Enough of all of this background – what are the actual project cars we keep talking about? We’ll start with the vehicle that recently caught our attention.
This TA22 Celica has been through a wild ride in the past 3 months. Sourced from its previous owner only months ago, the Celica was transformed from a lightweight Japanese classic into a modern powerhouse in just 8 weeks for the TX2K event back in March. You’ll remember our coverage of the event included some images of the Celica in the staging lanes.
Not where you remember seeing this Celica? It was probably from a video then, when the rear differential tried to transfer the approximately 1,300 horsepower from the 2JZ-engine to the ground, shattering all five wheel studs in an epic display of grip on the starting line of the Texas drag strip. Peron still has the studs in his possession to prove it! (Look out for our feature of this beauty in the coming weeks.)
They also love Supras here, housing three JZA80 examples in the limited space. This particular is Peron’s street car, which donated its precious high-horspower 2JZ organ to the Celica for the trip down to Texas. Its now vacant engine bay is awaiting an upcoming 800 horsepower setup.
The second of the white Supra examples, this MKIV is Perez’s drift car, which is temporarily undergoing some restoration. This car is powered by an 800 horsepower VVTi 2JZ; it transfers that power through a CD009 Nissan 350Z transmission to the wheels. This car will be found shredding tires sideways at upcoming Club Loose drift events at Englishtown’s Raceway Park.
The last of their Supras is one of the shop’s oldest creations, and one of the most unique. Known as The VIPRA, this Toyota combines a right-hand-drive steering layout with a Dodge Viper V10 engine transplant mated to a Tremec TR-6060 transmission. If that overwhelming power output wasn’t enough, they attached a 118mm Precision turbocharger to speed things up. Peron can be found piloting this one sideways around corners and destroying tires in the process.
What exactly is a DeathKart? Well, it started life as an S13 Nissan 240SX hatch, underwent a dramatic panel reduction and engine transplant, then received countless metal additions and huge offroad tires. If you can believe it, the best part of the DeathKart is that two of these mobile sculptures exist! You’ll have to wait for our feature of Perez’s DeathKart for more details on this particular variant, but we have some photos of Peron’s to hold you over.

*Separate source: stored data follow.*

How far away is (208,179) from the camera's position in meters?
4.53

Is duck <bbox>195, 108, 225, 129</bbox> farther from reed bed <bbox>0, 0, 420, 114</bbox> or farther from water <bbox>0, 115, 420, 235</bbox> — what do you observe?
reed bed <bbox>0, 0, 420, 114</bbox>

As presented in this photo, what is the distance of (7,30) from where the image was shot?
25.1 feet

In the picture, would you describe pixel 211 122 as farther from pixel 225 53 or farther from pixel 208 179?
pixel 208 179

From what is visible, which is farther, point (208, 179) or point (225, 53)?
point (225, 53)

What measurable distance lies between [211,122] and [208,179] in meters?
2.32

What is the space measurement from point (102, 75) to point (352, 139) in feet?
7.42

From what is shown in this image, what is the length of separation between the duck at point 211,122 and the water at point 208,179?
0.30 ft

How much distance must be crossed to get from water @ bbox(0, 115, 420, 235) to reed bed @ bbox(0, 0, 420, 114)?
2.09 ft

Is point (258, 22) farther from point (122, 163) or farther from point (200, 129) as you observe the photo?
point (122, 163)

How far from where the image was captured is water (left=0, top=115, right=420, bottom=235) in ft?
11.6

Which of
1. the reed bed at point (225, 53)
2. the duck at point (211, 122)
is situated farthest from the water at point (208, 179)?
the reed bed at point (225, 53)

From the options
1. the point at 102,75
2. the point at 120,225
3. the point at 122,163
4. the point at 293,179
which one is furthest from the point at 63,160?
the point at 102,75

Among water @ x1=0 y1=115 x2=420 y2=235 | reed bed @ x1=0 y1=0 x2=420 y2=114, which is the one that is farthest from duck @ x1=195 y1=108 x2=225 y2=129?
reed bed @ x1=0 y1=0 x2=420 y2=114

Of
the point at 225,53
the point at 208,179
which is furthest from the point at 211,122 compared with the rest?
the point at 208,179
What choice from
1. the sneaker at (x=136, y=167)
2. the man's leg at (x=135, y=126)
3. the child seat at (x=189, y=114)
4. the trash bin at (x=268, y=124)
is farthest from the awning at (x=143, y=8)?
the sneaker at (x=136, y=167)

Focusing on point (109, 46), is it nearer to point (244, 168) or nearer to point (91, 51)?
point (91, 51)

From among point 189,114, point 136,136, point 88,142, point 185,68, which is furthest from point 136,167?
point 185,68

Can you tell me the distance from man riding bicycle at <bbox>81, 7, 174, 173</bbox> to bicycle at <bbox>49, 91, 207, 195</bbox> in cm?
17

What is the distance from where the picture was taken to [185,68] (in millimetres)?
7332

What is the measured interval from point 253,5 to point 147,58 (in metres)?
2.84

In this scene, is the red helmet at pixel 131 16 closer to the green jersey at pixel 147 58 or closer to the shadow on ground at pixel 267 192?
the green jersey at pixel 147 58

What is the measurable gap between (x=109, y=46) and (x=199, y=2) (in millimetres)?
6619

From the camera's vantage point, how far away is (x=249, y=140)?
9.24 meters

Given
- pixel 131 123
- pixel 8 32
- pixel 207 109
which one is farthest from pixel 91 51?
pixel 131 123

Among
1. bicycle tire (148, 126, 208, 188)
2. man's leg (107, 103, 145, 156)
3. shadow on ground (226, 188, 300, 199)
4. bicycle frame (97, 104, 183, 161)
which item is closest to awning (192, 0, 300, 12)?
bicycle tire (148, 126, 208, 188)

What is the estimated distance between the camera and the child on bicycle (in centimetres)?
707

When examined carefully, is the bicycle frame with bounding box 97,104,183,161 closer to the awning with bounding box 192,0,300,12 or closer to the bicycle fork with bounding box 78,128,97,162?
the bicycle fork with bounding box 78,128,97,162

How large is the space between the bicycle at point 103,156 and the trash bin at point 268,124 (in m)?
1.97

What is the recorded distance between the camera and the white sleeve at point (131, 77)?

After Perez had created his DeathKart, Peron wanted to join in on the reckless fun. Purchased as a rolling shell and swapped with a Toyota 2JZ engine, this chassis is now reinforced with custom cage work surrounding its occupants and powerplant. The duo created each piece of this car using their own self-taught skills with the intention of having fun, while still acting as a template for future fabrication solutions like the rear-mount radiator setup pictured here.
This is jokingly referred to as the Death Seat, with no safety enclosure for the helpless passenger. This seat was taken from the Celica shell when it was purchased a few months ago and repurposed into one of the scariest places to be in a DeathKart.
Stepping into their office, there is no confusion about what industry the guys at SWH have a passion for – the automotive performance industry is Job One around here. Quality wheels rest in sets throughout the surrounding walls, accompanied by battered racecar panels from their projects out in the shop.
The team also leaves their first print feature from Super Street magazine open on a table – which itself is crafted from a wheel – as a constant reminder of their progress and ambition to build noteworthy project cars.
These desk areas will serve as the main business hub for SWH as they transition from solely building their own project cars to accepting select customer builds and expanding into the retail sales market, where they will offer performance parts to the world.
The Speed Warhouse shop might not know exactly what they are, but we know exactly what their identity is: building some of the coolest and most unique vehicles in the nation. Hope you enjoyed our look into the chaos!